La Conférence de Munich sur la sécurité et le retour de l’Allemagne à la politique de la puissance mondiale

Les interventions de la ministre allemande de la défense Ursula von der Leyen et du ministre des affaires étrangères Sigmar Gabriel à la Conférence de Munich sur la sécurité révèlent la tâche centrale d’un futur gouvernement de grande coalition : le retour de l’Allemagne au militarisme et aux politiques de grande puissance qui ont abouti au siècle dernier à deux guerres mondiales et aux crimes les plus terribles de l’histoire humaine.

Dès 2014, von der Leyen de l’Union chrétienne-démocrate (CDU) et Frank-Walter Steinmeier, prédécesseur de Gabriel pour le Parti social-démocrate (SPD), ont annoncé la fin des restrictions militaires à la Conférence de Munich de l’année en question.

« L’Allemagne doit être prête à s’engager en amont dans la politique étrangère et de sécurité, de manière plus décisive et plus substantielle », avait déclaré Steinmeier à l’époque, ajoutant que « l’Allemagne est trop grande pour commenter la politique mondiale depuis le banc de touche. »

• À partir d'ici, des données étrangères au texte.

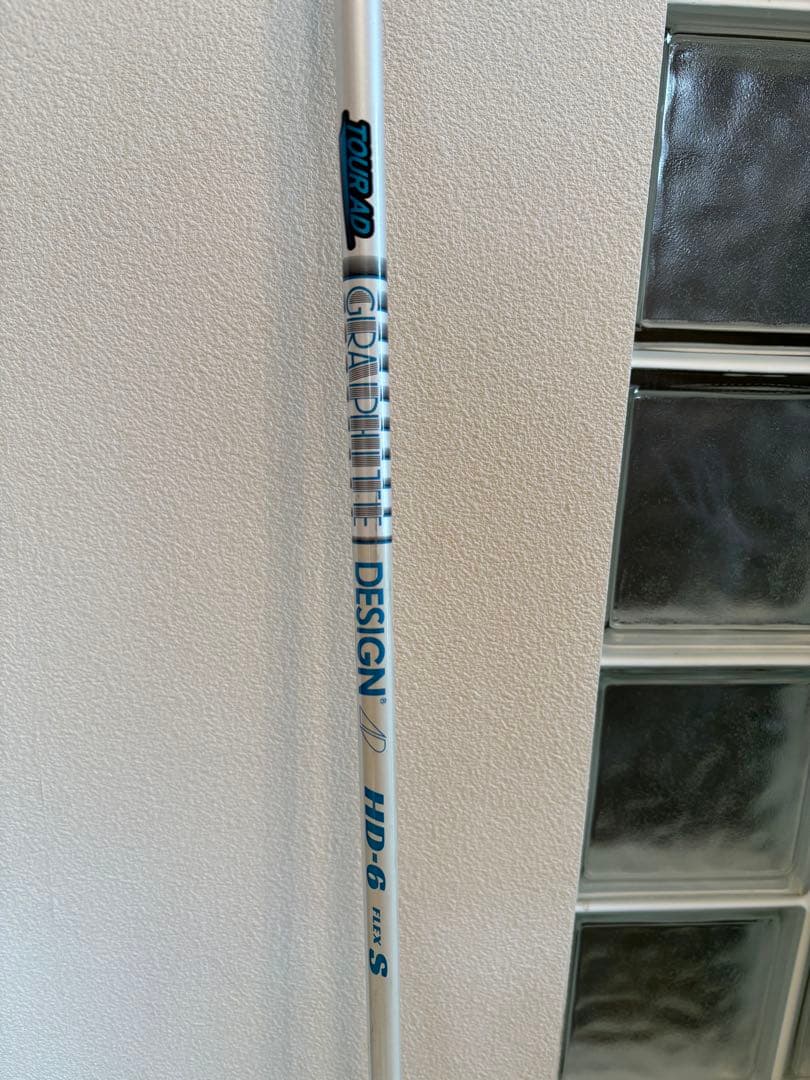 【TOUR AD:46インチ】HD6 Sゴルフシャフト（PRGR用スリーブ）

Von der Leyen prend position maintenant pour mettre en œuvre cette politique.

« Nous avons assumé la responsabilité », se vantait-elle, citant le rôle de l’Allemagne en Ukraine, le renforcement du flanc oriental de l’OTAN et les missions militaires de l’Allemagne en Irak, en Syrie et au Mali. En même temps, elle a annoncé un vaste programme de réarmement qui doublera les dépenses militaires allemandes en quelques années.

Von der Leyen a indiqué sa détermination à déployer de nouvelles armes. « Renforcer des capacités et des structures est une chose », a-t-elle déclaré. « La volonté commune d’utiliser réellement la force militaire lorsque les circonstances l’exigent en est une autre. »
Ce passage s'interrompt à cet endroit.